WHAT THE TASK REQUIRES -
Only the pictures are to be left out; return the rest of the data exactly as it stands.

Extracted records -
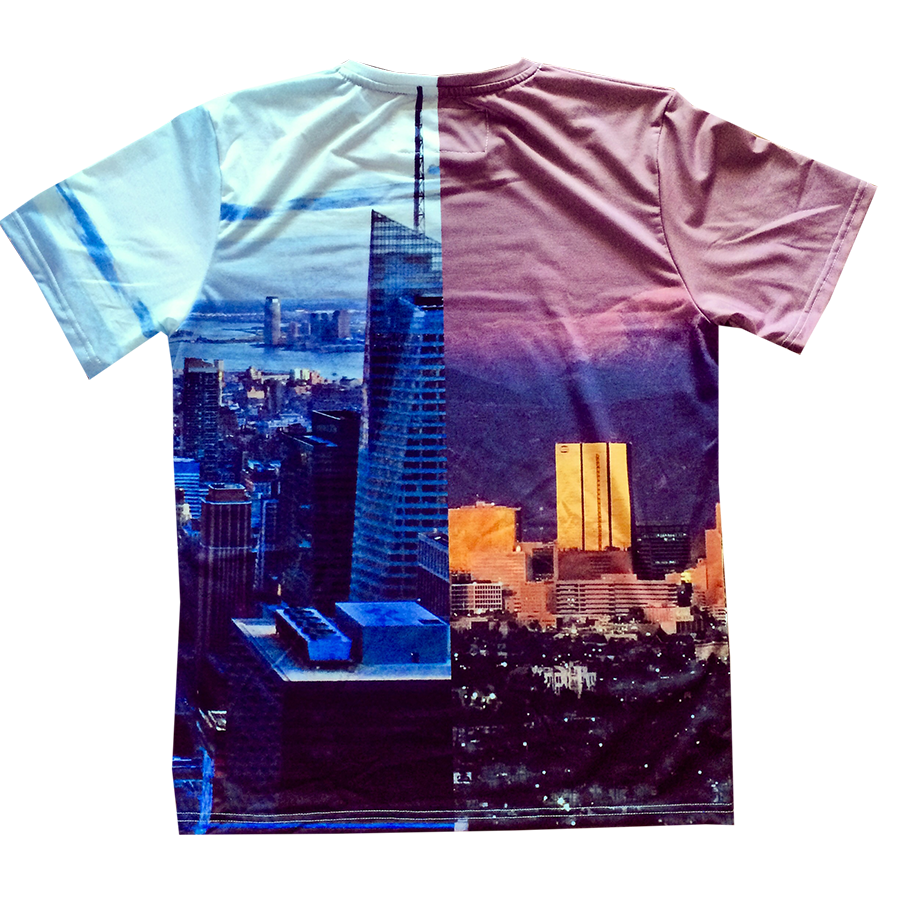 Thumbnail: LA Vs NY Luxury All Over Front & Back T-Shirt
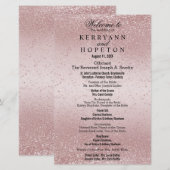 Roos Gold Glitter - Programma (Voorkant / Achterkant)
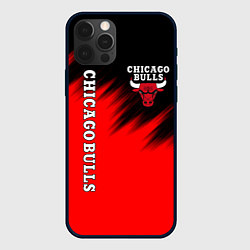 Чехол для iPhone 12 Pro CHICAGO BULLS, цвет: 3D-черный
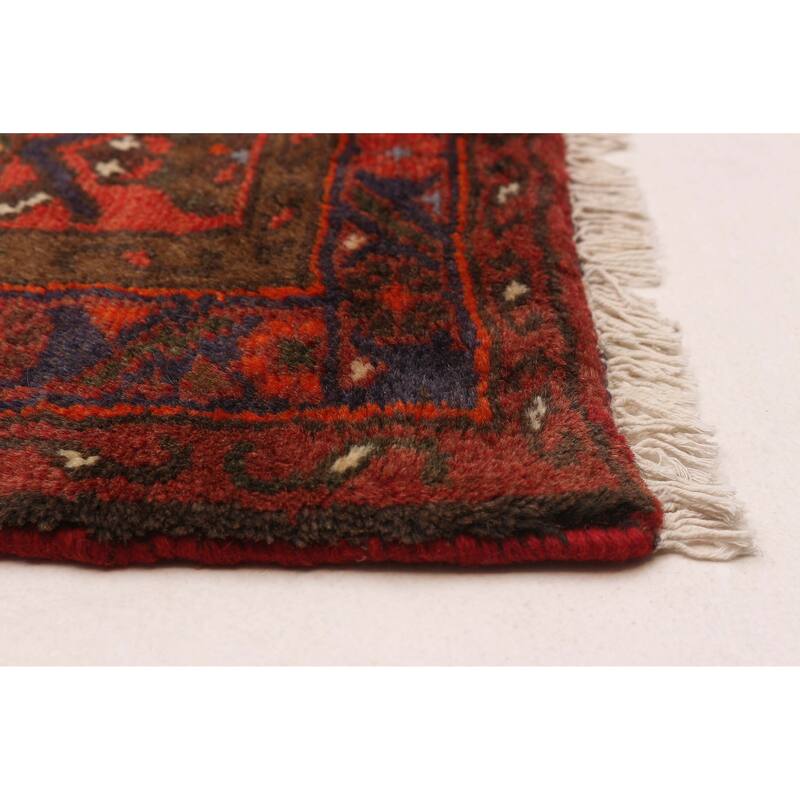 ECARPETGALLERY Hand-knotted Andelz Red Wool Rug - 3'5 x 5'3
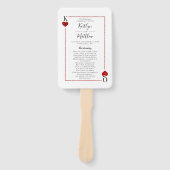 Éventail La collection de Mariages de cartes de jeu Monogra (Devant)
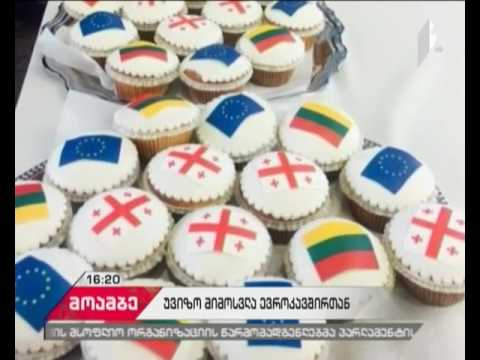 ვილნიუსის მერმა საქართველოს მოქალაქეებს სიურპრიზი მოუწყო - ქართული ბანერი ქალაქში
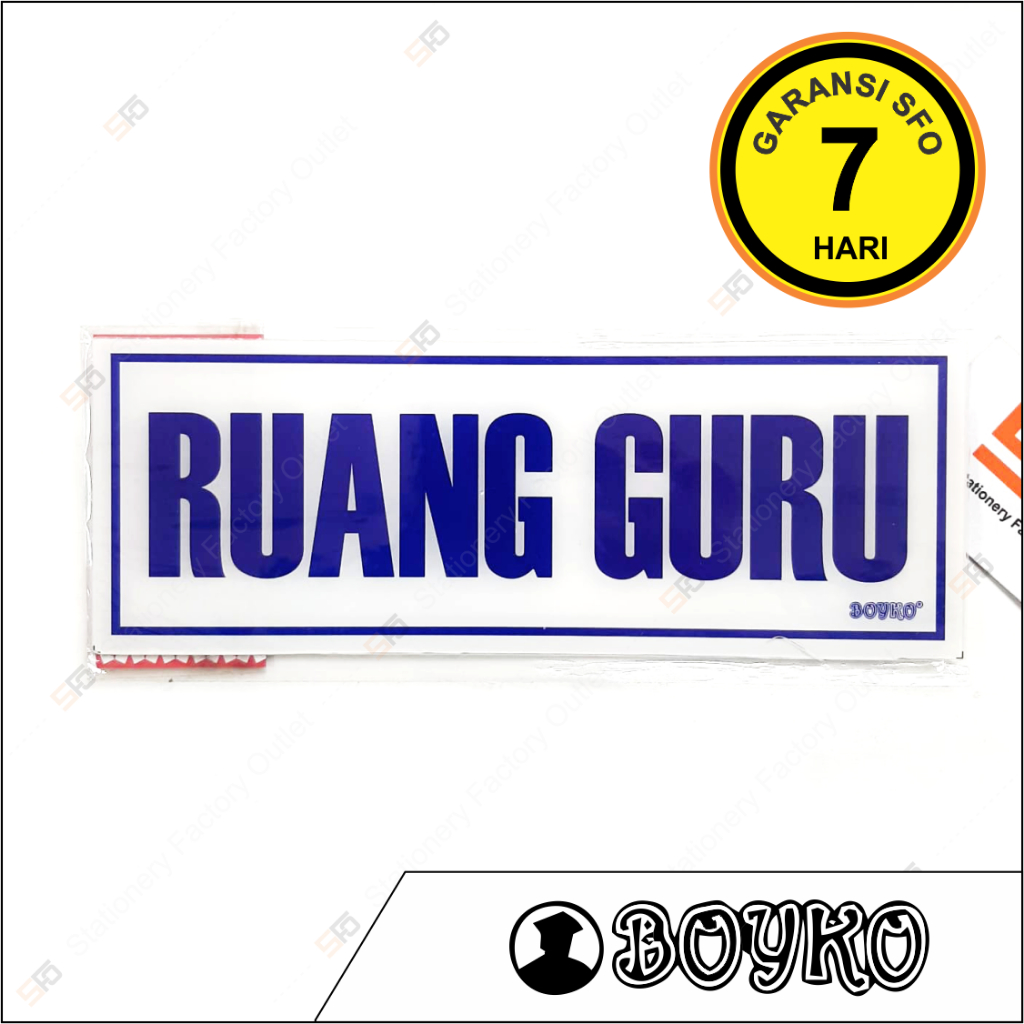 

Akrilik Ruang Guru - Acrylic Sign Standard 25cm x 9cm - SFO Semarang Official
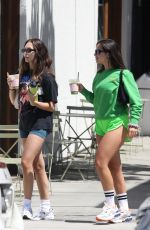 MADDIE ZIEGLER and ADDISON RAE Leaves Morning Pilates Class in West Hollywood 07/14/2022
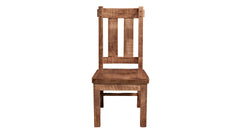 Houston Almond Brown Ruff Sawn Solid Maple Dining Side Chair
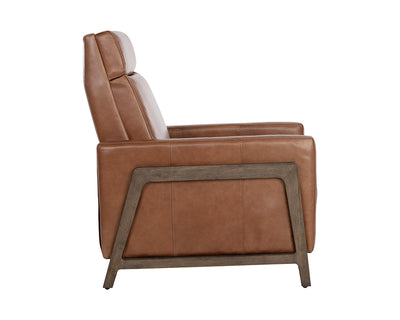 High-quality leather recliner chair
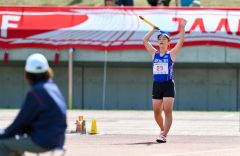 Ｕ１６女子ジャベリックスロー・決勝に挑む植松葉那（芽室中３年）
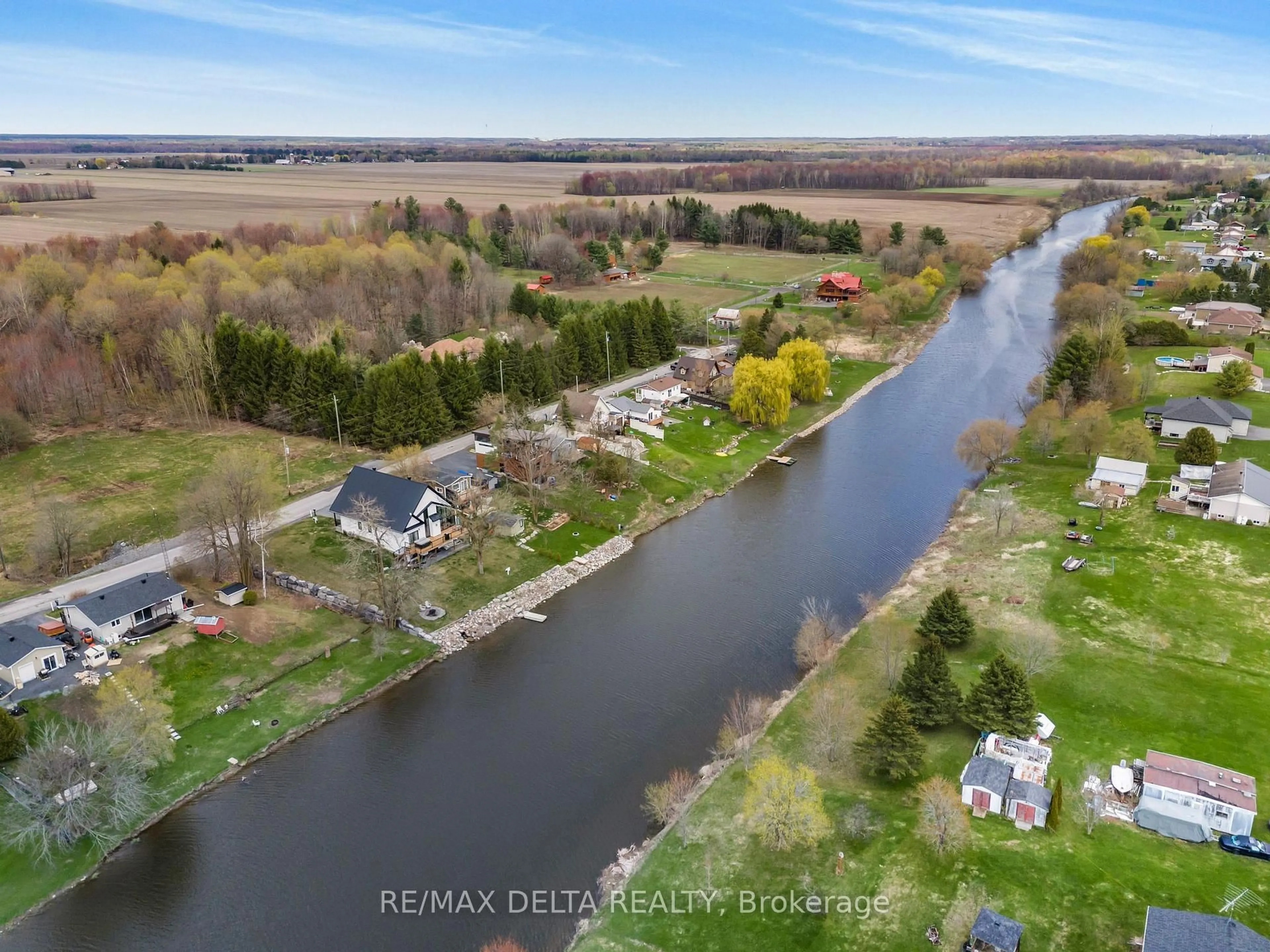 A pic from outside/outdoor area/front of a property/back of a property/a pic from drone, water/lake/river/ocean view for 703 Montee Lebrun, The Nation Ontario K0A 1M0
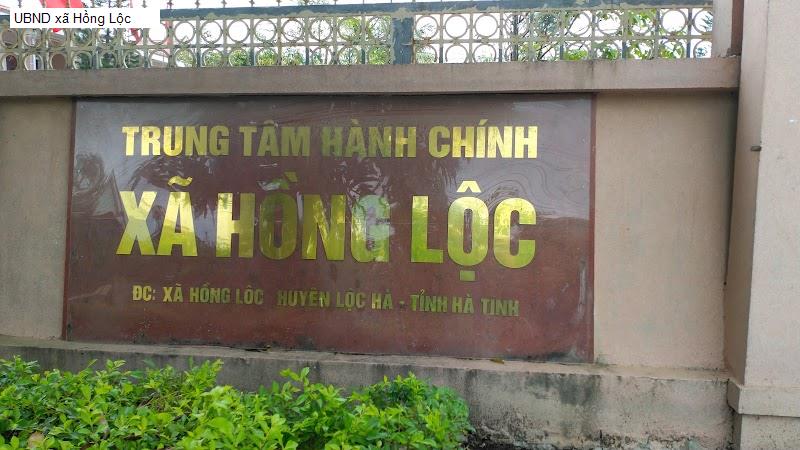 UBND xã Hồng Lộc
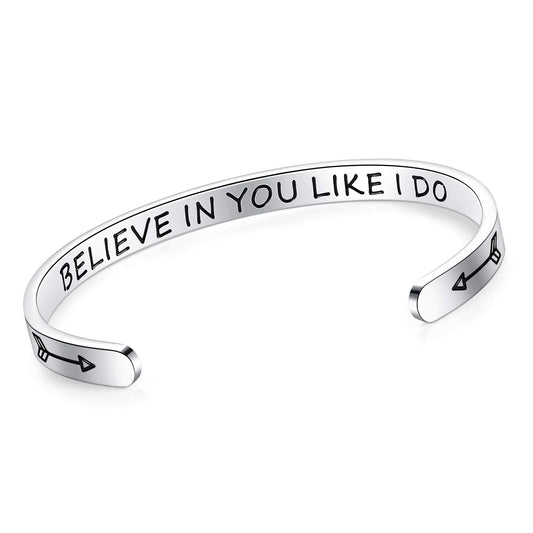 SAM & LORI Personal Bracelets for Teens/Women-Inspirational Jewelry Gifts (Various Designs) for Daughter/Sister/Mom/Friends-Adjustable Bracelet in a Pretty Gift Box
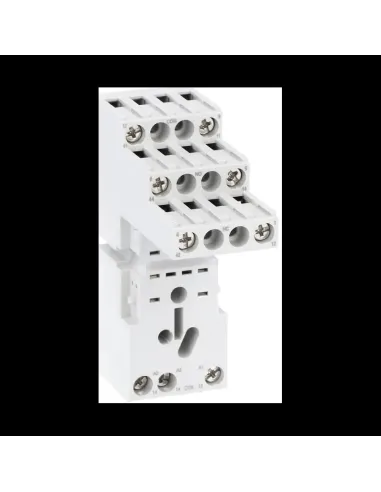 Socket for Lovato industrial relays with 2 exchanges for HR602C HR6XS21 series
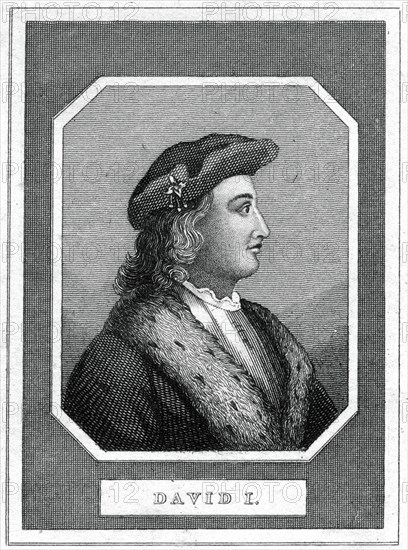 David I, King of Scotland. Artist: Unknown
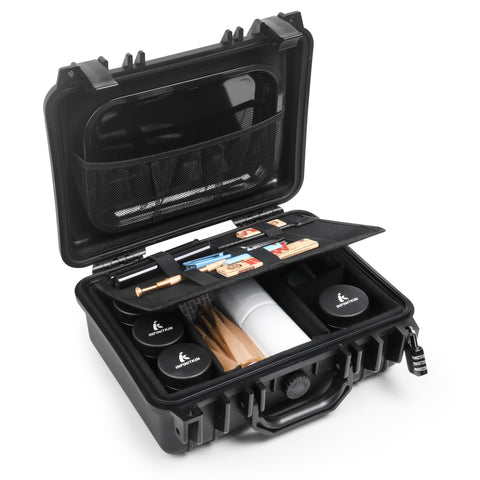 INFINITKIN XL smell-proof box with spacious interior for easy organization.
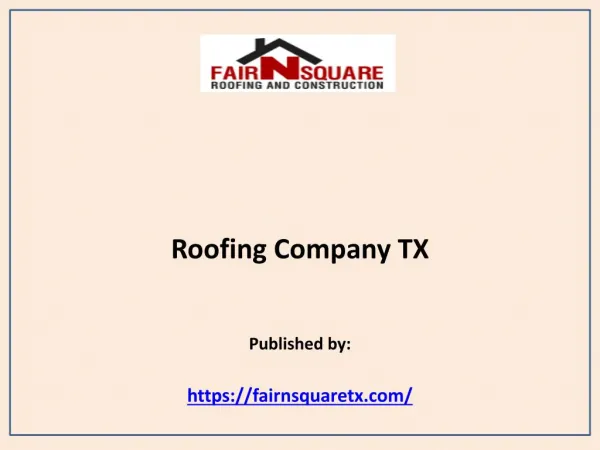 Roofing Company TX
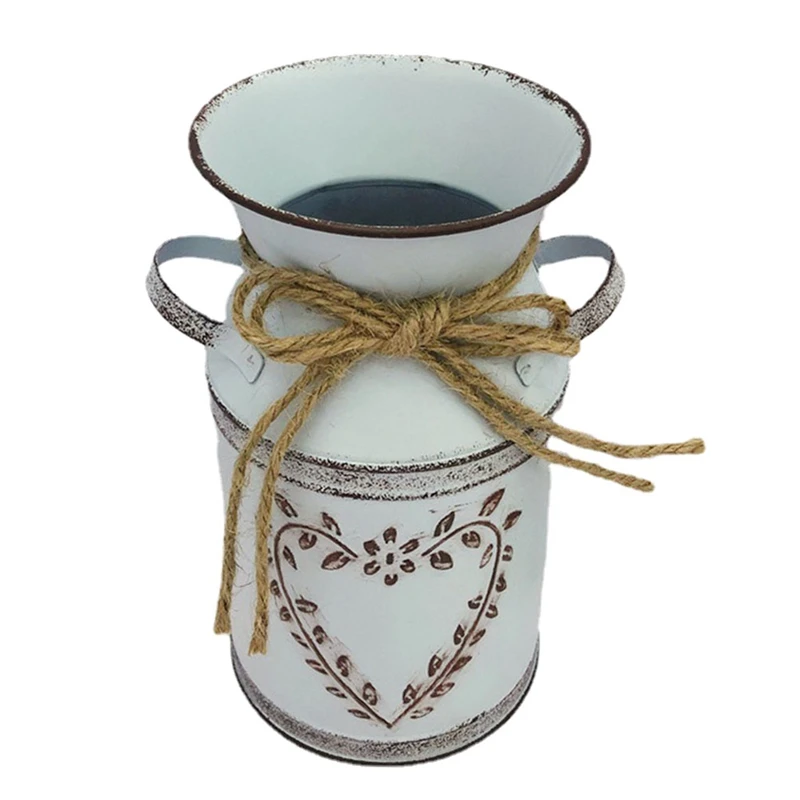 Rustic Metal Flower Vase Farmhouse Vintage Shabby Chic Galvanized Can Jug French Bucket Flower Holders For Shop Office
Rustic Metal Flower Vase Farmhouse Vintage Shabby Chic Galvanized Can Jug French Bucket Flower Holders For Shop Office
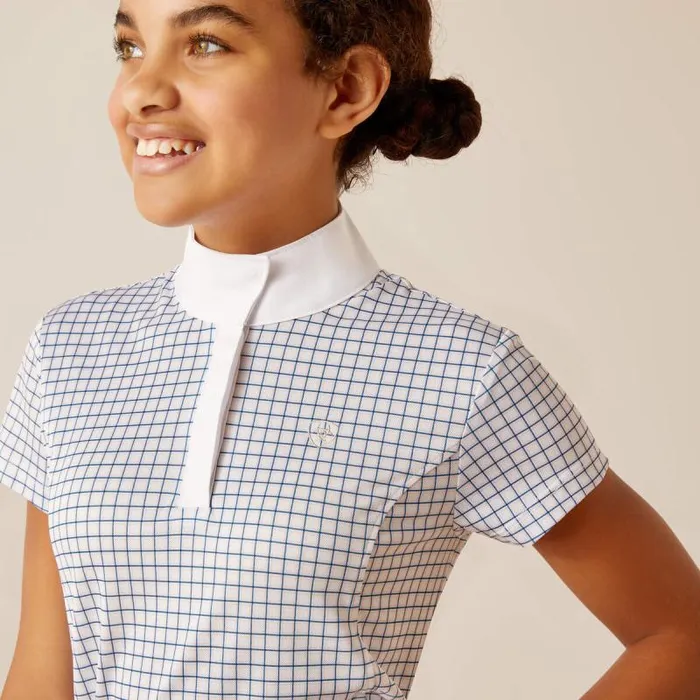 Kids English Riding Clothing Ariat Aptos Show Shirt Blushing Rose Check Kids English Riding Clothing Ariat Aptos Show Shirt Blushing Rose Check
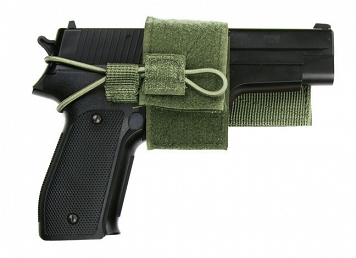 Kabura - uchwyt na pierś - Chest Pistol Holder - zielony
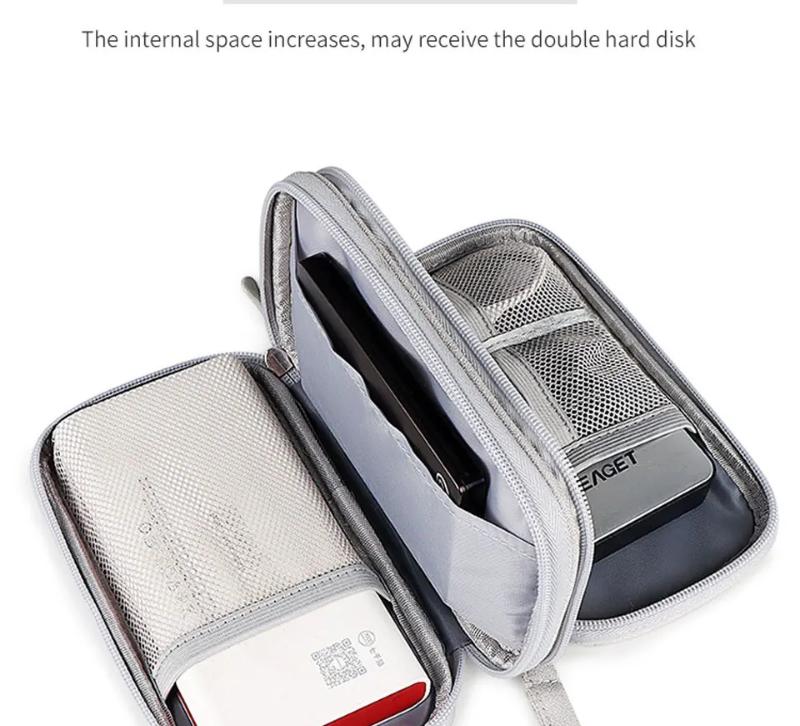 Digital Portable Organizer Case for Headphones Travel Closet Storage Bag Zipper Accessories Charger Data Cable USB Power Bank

ANSWER SECTION -
 Thumbnail: LA Vs NY Luxury All Over Front & Back T-Shirt
 Roos Gold Glitter - Programma (Voorkant / Achterkant)
 Чехол для iPhone 12 Pro CHICAGO BULLS, цвет: 3D-черный
 ECARPETGALLERY Hand-knotted Andelz Red Wool Rug - 3'5 x 5'3
 Éventail La collection de Mariages de cartes de jeu Monogra (Devant)
 ვილნიუსის მერმა საქართველოს მოქალაქეებს სიურპრიზი მოუწყო - ქართული ბანერი ქალაქში

Akrilik Ruang Guru - Acrylic Sign Standard 25cm x 9cm - SFO Semarang Official
 MADDIE ZIEGLER and ADDISON RAE Leaves Morning Pilates Class in West Hollywood 07/14/2022
 Houston Almond Brown Ruff Sawn Solid Maple Dining Side Chair
 High-quality leather recliner chair
 Ｕ１６女子ジャベリックスロー・決勝に挑む植松葉那（芽室中３年）
 A pic from outside/outdoor area/front of a property/back of a property/a pic from drone, water/lake/river/ocean view for 703 Montee Lebrun, The Nation Ontario K0A 1M0
 UBND xã Hồng Lộc
 SAM & LORI Personal Bracelets for Teens/Women-Inspirational Jewelry Gifts (Various Designs) for Daughter/Sister/Mom/Friends-Adjustable Bracelet in a Pretty Gift Box
 Socket for Lovato industrial relays with 2 exchanges for HR602C HR6XS21 series
 David I, King of Scotland. Artist: Unknown
 INFINITKIN XL smell-proof box with spacious interior for easy organization.
 Roofing Company TX
 Rustic Metal Flower Vase Farmhouse Vintage Shabby Chic Galvanized Can Jug French Bucket Flower Holders For Shop Office
Rustic Metal Flower Vase Farmhouse Vintage Shabby Chic Galvanized Can Jug French Bucket Flower Holders For Shop Office
 Kids English Riding Clothing Ariat Aptos Show Shirt Blushing Rose Check Kids English Riding Clothing Ariat Aptos Show Shirt Blushing Rose Check
 Kabura - uchwyt na pierś - Chest Pistol Holder - zielony
 Digital Portable Organizer Case for Headphones Travel Closet Storage Bag Zipper Accessories Charger Data Cable USB Power Bank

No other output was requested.